The announcement dashes the hopes of Australia’s digital currency industry and raises fears of the end of Bitcoin’s growth in Australia, as businesses move offshore to countries with more favourable laws.

Many local businesses which accept Bitcoin as payment for goods or services had been hoping the internet currency would be treated under tax law as the same as money or foreign exchange.

Doing so makes record keeping and taxation requirements significantly easier.

It also avoids double taxation as, under the ATO’s view, businesses buying digital coins will have to pay GST on the Bitcoin and on the services they offer.

Only about 1000 businesses in Australia currently accept Bitcoin as payment. It is transferred via the internet, and, as such, countries have limited control in how it is moved around the world.

“There’s been a lot of public interest in crypto-currencies,” said Michael Hardy, a senior assistant commissioner at the Australian Taxation Office.

“A few taxpayers have asked us for private rulings along the way.

“We’ve had enough persistent queries from the public that we thought we should put out some general advice and guidance for the public.”
Fears Bitcoin will be driven underground

The ATO’s guidance has disappointed the Australian Bitcoin industry.

“The way they’ve chosen to interpret how it should be applied is unfortunately very stifling for emerging Australian digital currency businesses and the industry as a whole,” said Ron Tucker, the chair of the Australian Digital Currency Commerce Association and a partner at BitTrade, a digital currency trading service.

“It’s essentially a double GST effect. It is adding 10 per cent tax on the entire supply of the Bitcoin.

“So if the Bitcoin is worth $500 today, you’ll be paying 10 per cent tax on that, as well as the GST on the service or commission fees that the Bitcoin companies may charge.”

Mr Tucker said the ATO’s view on Bitcoin will send business either offshore or underground.

“I’ve already heard from a number of our members that they are in the process of – or already have or will be – setting up shop offshore,” he said.

“You could possibly see Bitcoin driven underground because of the unfair application of this tax treatment.”
Small time Bitcoin users likely to be ignored

The tax office essentially views Bitcoin transactions in one of two ways.

The first is people using Bitcoin occasionally – such as making small purchases or dabbling in digital currency mining or trading.

If the purchase amount is less than $10,000, those people will likely be ignored by the ATO.

The second group are people who use crypto-currencies specifically for profit or business.

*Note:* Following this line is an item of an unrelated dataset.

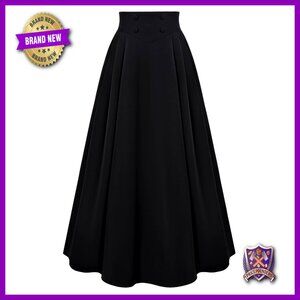 Victorian Renaissance Maxi Skirt with Pockets High Waisted A-Line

The ATO says, for that group, taxes like capital gains, GST or fringe benefits should be paid and records kept – including the date of the transaction, the amount, what it was for and who the other party was.

The ATO’s Michael Hardy defended the tax office’s guidance on digital currencies.

“It’s the law. We don’t make it up, we have to look at the existing law that we have,” Mr Hardy said.

“We explored it [the law] carefully with input from industry experts in coming to this view.

“It just doesn’t fit the legal definitions [of money or foreign currency], so we can’t pretend that it is something what it’s not.”

Mr Hardy said for Bitcoin to be treated as money under Australian law, there would have to be a change of the legislation or another country would have to adopt Bitcoin as its national currency.

The ATO will continue to monitor developments in the technology and its use overseas.
Taxation liabilities will be backdated

While the ATO’s guidance may have been published today, as it is based on existing laws, taxation liabilities technically apply from the day Bitcoin was created back in 2009.

Businesses or Bitcoin users could be on the hook for previous transactions.

But Mr Hardy said it is unlikely the tax office will demand payment.

“Where that’s happened and where we think businesses have tried to make their best effort for the past, we don’t see that it is important to be going back and applying compliance resources to past periods where people have tried to act in a bona fide fashion,” he said.

“We’re not planning to go back and deliberately look at past periods where we think most people have tried to make a pretty good effort to get it right with what they understood the law to be.”

The ABC’s AM program revealed in June that the tax office had been growing increasingly worried about the growth of Bitcoin, and had been keeping a detailed watching brief of the digital currency.

The file – obtained under Freedom of Information laws by AM – showed that, up until a few years ago, the agency was sceptical about Bitcoin, but soon realised that people could use internet currencies to avoid paying tax.